Assigned task: Return only this: the line with "Bluzka damska Tommy" and all the lines that follow it below, through the final one, exactly as they are.

======== Material provided

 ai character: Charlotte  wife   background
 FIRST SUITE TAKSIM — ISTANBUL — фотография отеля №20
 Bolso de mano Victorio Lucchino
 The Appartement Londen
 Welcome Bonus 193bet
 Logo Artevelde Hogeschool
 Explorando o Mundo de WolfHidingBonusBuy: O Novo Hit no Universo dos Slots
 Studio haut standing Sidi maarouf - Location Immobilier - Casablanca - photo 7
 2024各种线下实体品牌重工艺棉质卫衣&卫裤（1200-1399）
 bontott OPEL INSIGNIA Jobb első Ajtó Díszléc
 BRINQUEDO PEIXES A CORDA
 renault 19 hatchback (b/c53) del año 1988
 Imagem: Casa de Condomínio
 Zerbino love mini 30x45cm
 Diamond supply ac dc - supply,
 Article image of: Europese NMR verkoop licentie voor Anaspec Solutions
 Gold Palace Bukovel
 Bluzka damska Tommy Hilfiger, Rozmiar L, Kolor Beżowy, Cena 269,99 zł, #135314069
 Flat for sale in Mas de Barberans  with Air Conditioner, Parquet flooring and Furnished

================

Solution to this exercise:
 Bluzka damska Tommy Hilfiger, Rozmiar L, Kolor Beżowy, Cena 269,99 zł, #135314069
 Flat for sale in Mas de Barberans  with Air Conditioner, Parquet flooring and Furnished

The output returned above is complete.